At launch, Poke will offer a variety of “recipes,” or ready-made tools that help you automate different aspects of your life and work. These span categories such as health and wellness, productivity, finances, scheduling, travel, home, school, email, community, and even developer tools for techies. To install them, you need to click a button and go through the standard authentication process if necessary.
These recipes are designed to work with the apps and services you already know, including Gmail, Google Calendar, Outlook, Notion, Linear, and Granola. There are health and fitness “recipes” that work with Strava, Withings, Oura, Fitbit, and more, as well as smart home devices from companies like Philips Hue and Sonos.
Developers using Poke can also automate parts of their workflow through integrations with tools such as PostHog, Webflow, Supabase, Vercel, Devin, Sentry, GitHub, and Cursor Cloud Agents.
Poke’s security model is multi-layered and includes regular penetration testing, security checks, a variety of tools, and privilege restrictions for both agents and employees. By default, your team can’t see anything inside your token unless you toggle a switch in settings to allow access to your log files or analytics and manually choose to share this information. (To be clear, TechCrunch does not conduct its own security audits.)

Over the past few weeks, Poke users have created thousands more recipes and automations. The company plans to add them to the recipe directory for discovery in the near future. We also encourage creators to create these shareable recipes by offering to pay between 10 cents and $1 (based on region) for each user who signs up for Poke via a recipe.


Poke is surprisingly affordable. It’s free initially, and pricing is flexible thereafter. During beta testing, users actually had to negotiate a monthly fee with the AI agent. Prices ranged from $10 to $30. Mr. Poke answered this question as follows.
Von Hagen said pricing is currently based on how the AI agent is used. If you’re looking for something that doesn’t require real-time data, you can probably use Poke for free. What Poke money costs is real-time inference, such as the automation that runs on every incoming email or real-time flight check-in. To set prices, the company provided Poke with guidance on the price of its products, which allowed it to determine personalized prices.
While the company has been able to make Poke more efficient to reduce costs, von Hagen points out that profitability is not the goal right now.

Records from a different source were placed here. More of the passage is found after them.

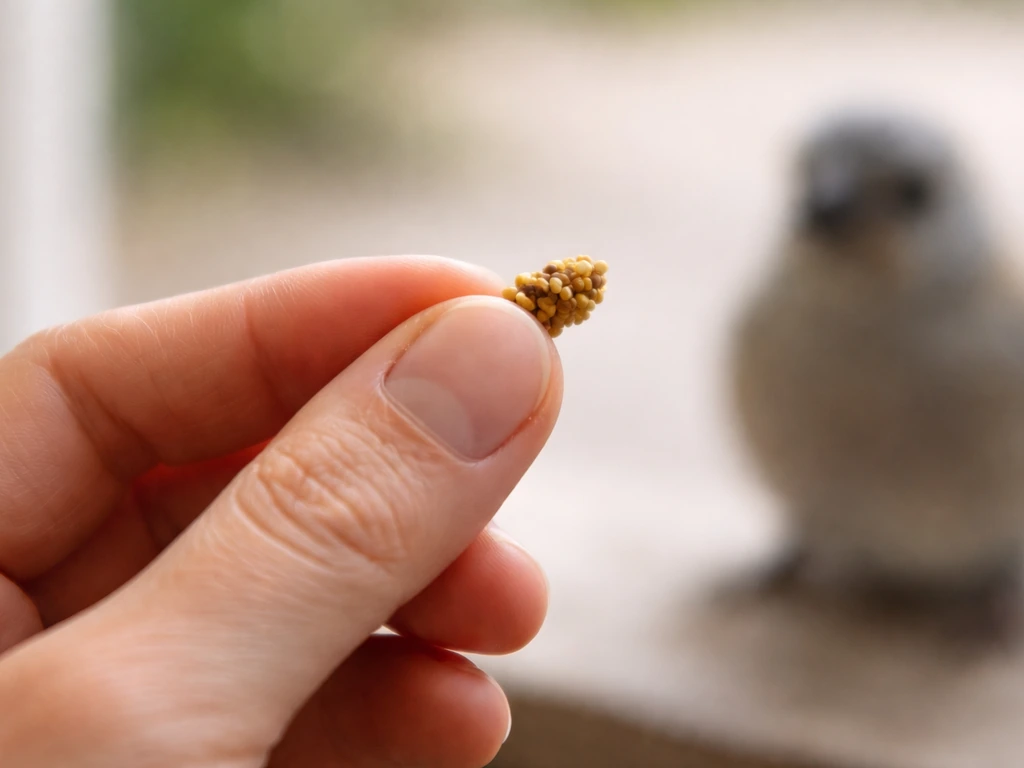 Hand holding a tiny treat in pinch grip, offered at beak level to a small bird.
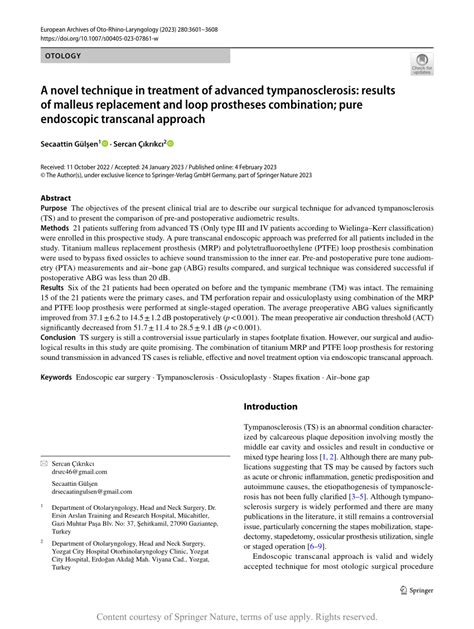 A novel technique in treatment of advanced tympanosclerosis: results of malleus replacement and ...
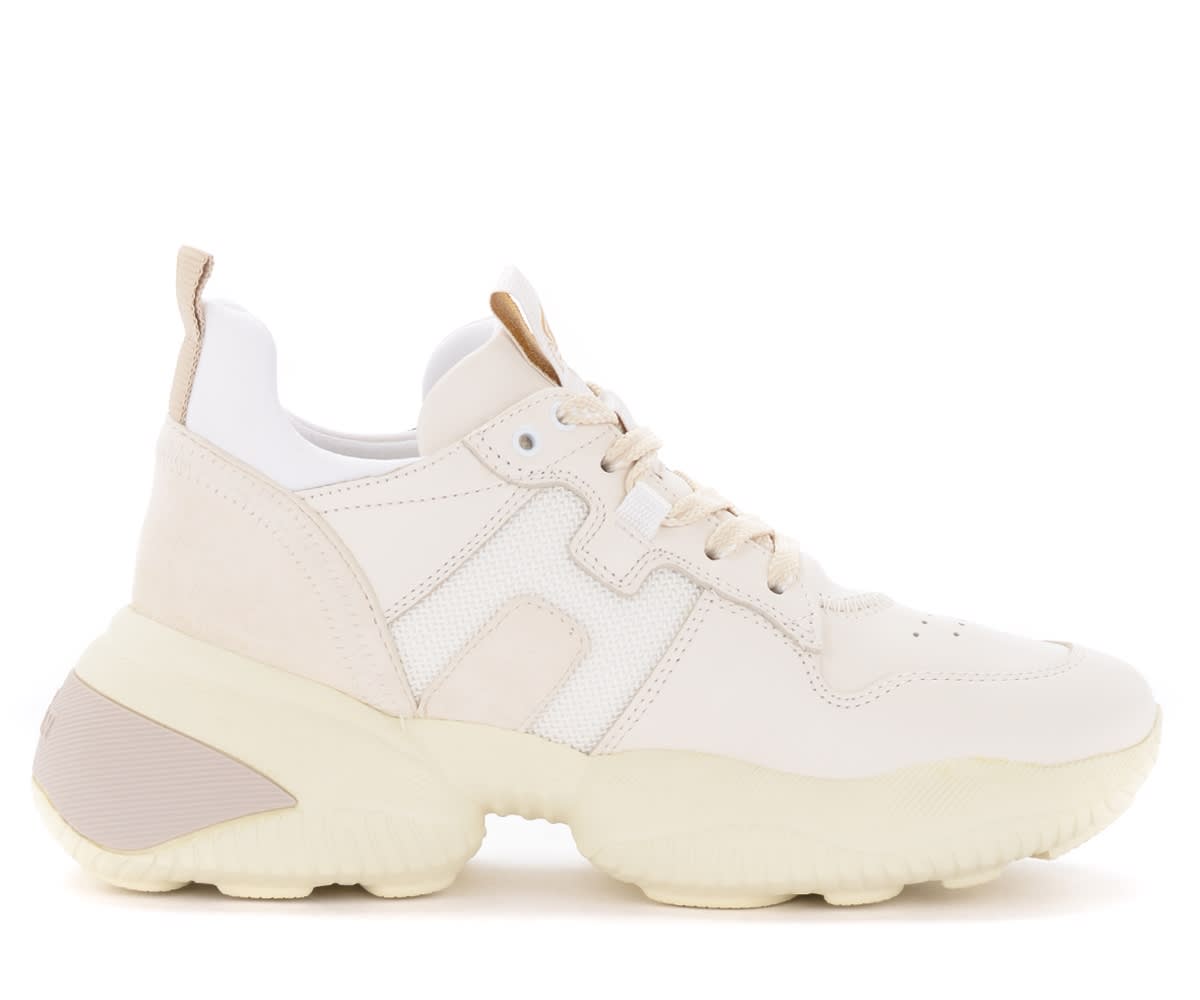 Hogan Interaction Sneakers In White Leather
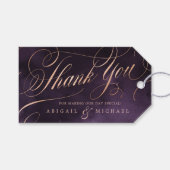 paarse roos goudkalligrafie bruiloft bedankt cadeaulabel (Voorkant (Horizontaal))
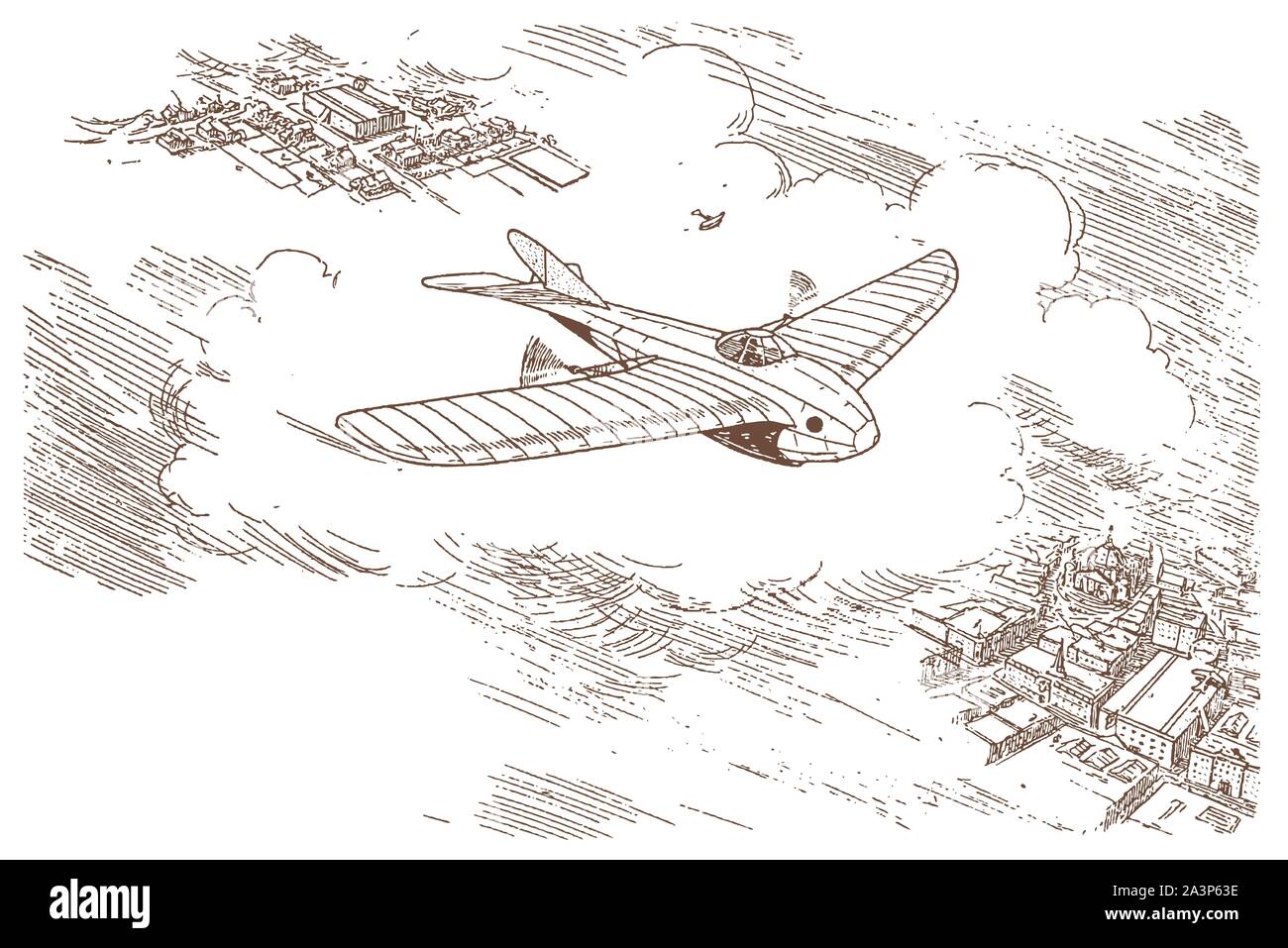 Futuristische Studie aus dem frühen 20. Jahrhundert von einem eindecker Flugzeuge über einer Stadt in großer Höhe fliegenden Stock Vektor
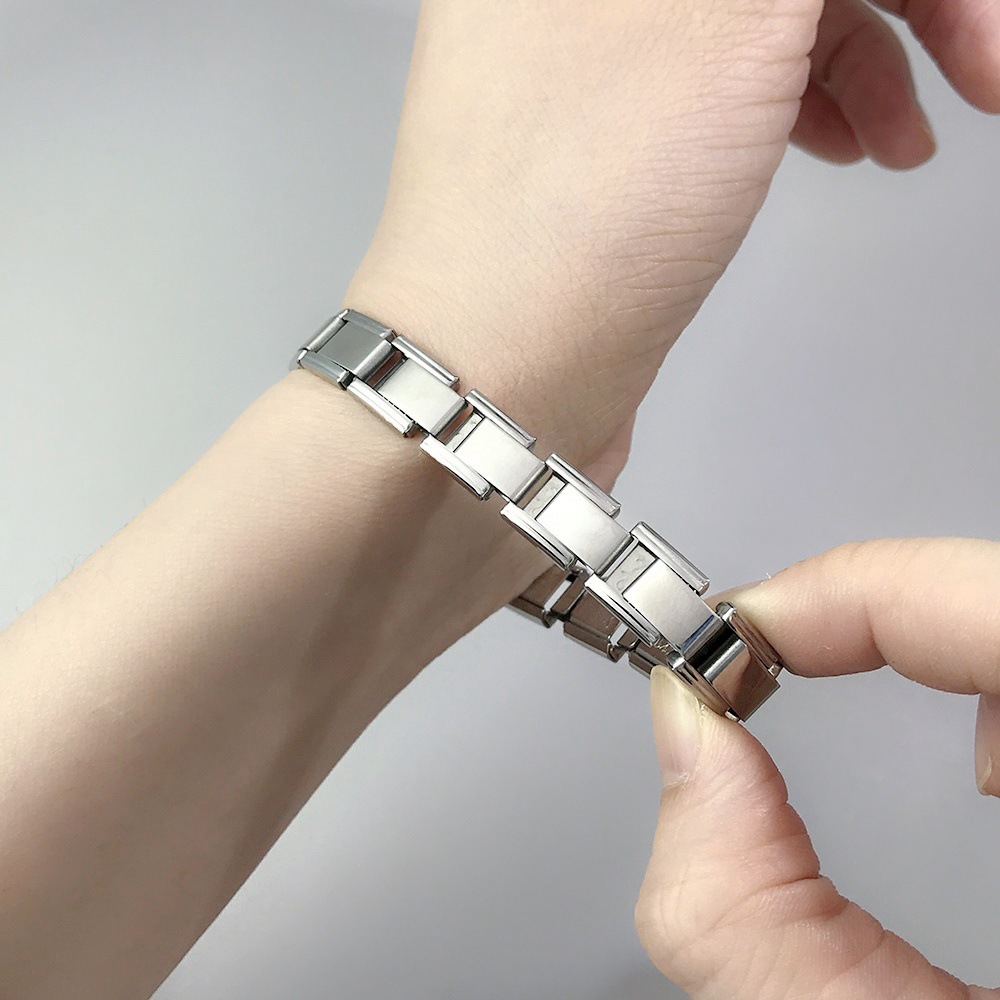 30-piece set of multi-color basic glossy Italian modular bracelet DIY stainless steel minimalist watch strap chain wholesale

“We don’t really want to make money, but we really want to grow. We want to create a product for a billion people, but monetization is really secondary,” he says. “Our goal for the coming weeks and months is to incorporate Poke into our daily lives.” To do that, we’re asking creators and influencers to share how they’re using Poke.
The company, co-founded by Felix Schlegel, isn’t disclosing anything other than that its number of subscribers has increased tenfold in the past few months. (For what it’s worth, though, we did see Poke at the top of Vercel’s AI Gateway leaderboard.)
In addition to major institutional investors Spark Capital and General Catalyst, the startup has attracted the attention of a number of angels, including John and Patrick Collison (founders of Stripe), Jake and Logan Paul, Logan Kirlpatrick of DeepMind, Joanne Jang of OpenAI, Scott Wu and Walden Yan (founders of Cognition).
The members included Vercel co-founder Guillermo Rauch, PayPal co-founder Ken Howery, Dropbox co-founder Arash Ferdowsi, Mercor co-founder Brendan Foody, Hugging Face co-founder Thomas Wolf, Flapping Airplanes co-founder Ben Spector, and several others.